Conformance fixtures can opt into these handles with an adjacent <name>.harness.json sidecar. Keep the sidecar small: choose "mode": "null" or "mode": "mock", provide only the canned responses needed by that fixture, and assert the recorded calls or deny events there.

{
  "mode": "mock",
  "clock_at_unix_ms": 1700000000000,
  "env": {"KEY": "value"},
  "fs_reads": {"/x": "data"},
  "random_u64": [42],
  "net_gets": {"https://example.test": "body"},
  "expect_calls": [
    {"sub_handle": "env", "method": "get", "args": ["KEY"]}
  ]
}

MockProcess

For subprocess tests that do not need real shell behavior, use MockProcess. It exposes a synchronous control channel so the test drives process state (exit code, stdout lines, signal receipt) without polling.

Unified mock_time(...) for Harn fixtures and stdlib builtins

Conformance fixtures and Rust-side tests that exercise stdlib timing builtins (sleep, sleep_ms, now_ms, monotonic_ms, timestamp, elapsed, command_step retry) all share one mock-clock stack (harn_vm::clock_mock). This same stack also drives the trigger dispatcher and the cron scheduler — installing one mock pins time everywhere a Harn script, a connector, or a Rust test would otherwise read it.

pipeline test(task) {
  mock_time(1700000000000)
  // sleep advances the mock; no wall-clock burn, no scheduler races.
  sleep(50ms)
  log(now_ms())          // 1700000000050
  advance_time(1000)
  log(monotonic_ms())    // 1050
  // yield_now lets sibling parallel-each tasks make progress without
  // advancing time at all.
  yield_now()
  unmock_time()
}

Rust tests can install the same mock through stdlib::clock::MockClockGuard or clock_mock::install_override(MockClock::new(...)) — both push onto the same thread-local stack, so a stdlib-side guard is observed by the trigger dispatcher and vice versa.

Fixtures that genuinely need wall-clock time (real subprocess I/O, real socket-bound servers, scheduler tests timing real backoffs) are exempt via CONFORMANCE_REAL_TIME_ALLOWLIST in scripts/lint_test_patterns.sh.

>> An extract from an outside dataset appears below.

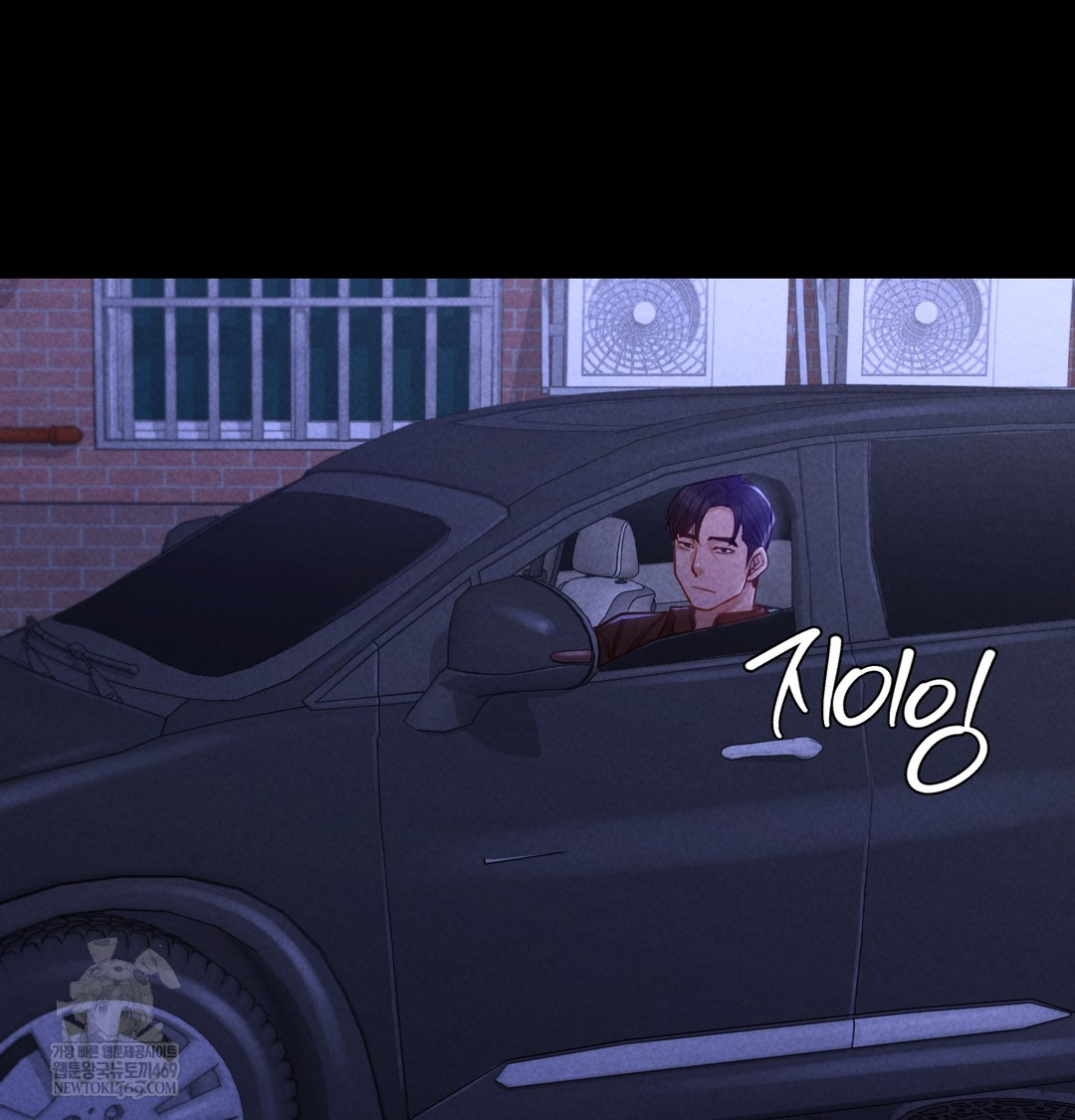 Paradise Villa Raw - Chapter 12 Page 148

The lint catches new fixtures that sleep on a literal duration without either entering a mock_time(...) block or being added to the allowlist with reviewer justification.

Forbidden patterns

The following patterns are banned in test files by make lint-test-patterns. The script searches files under crates/**/tests/**/*.rs, crates/**/src/**/tests.rs, crates/**/src/**/tests_*.rs, and conformance/tests/**/*.harn.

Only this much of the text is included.